In visa form they asked something about prior rejections from another countries. I have been rejected from USA and Canada 3 times. 
can some one please tell me what are the chances that i might get rejected based on prior rejections...
Do i have to mention that i got rejected ?


thanks in advance


----------



## simonsays (Feb 11, 2009)

Do the guys from the Sub-continent always put the cart ahead of the horse ?? No .. that was in jest ..  

Firstly narrow down to the course you need to do, and then get advice from the school.

And rejection from US/Canada is not automatically taken as rejection from Singapore..

US/Canada may have rejected you since they assume and believe that you are a runway-student, which is not likely in Singapore, as, while on Student pass, you cannot work, and any employer who employs you will get caned .. so the flight risk is low here, and they can always find you, if you go AWOL !!!
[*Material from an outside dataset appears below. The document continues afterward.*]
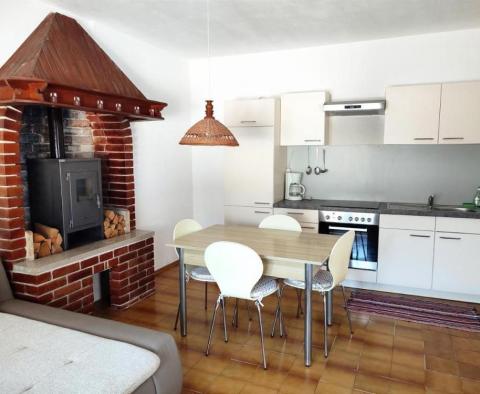 Appartement rénové avec piscine à MARČANA à seulement 2 km des plages ! - pic 18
And be honest, and don't fudge.. the ICA is more keen to know if you have been "DENIED" entry, i.e. when you arrived in a country, they kicked you out .. and not keen to know if you applied for visa to MARS and Mars felt you are one company too many .. 

cheers

And don't be offended for my initial line ..


----------



## rohitrazz (Jan 24, 2012)

No sir I never got denied for any country.I applied and got rejected.

So there is no hindrance of my visa for this kinds rejections ?


thanks for advice.


----------



## simonsays (Feb 11, 2009)

again, have you sorted out your school ? your school with advice. From what I know .. ICA only wants to know if you have been 'thrown' out of any country .. and rejected visa like US / Canada is the least of their concern .. 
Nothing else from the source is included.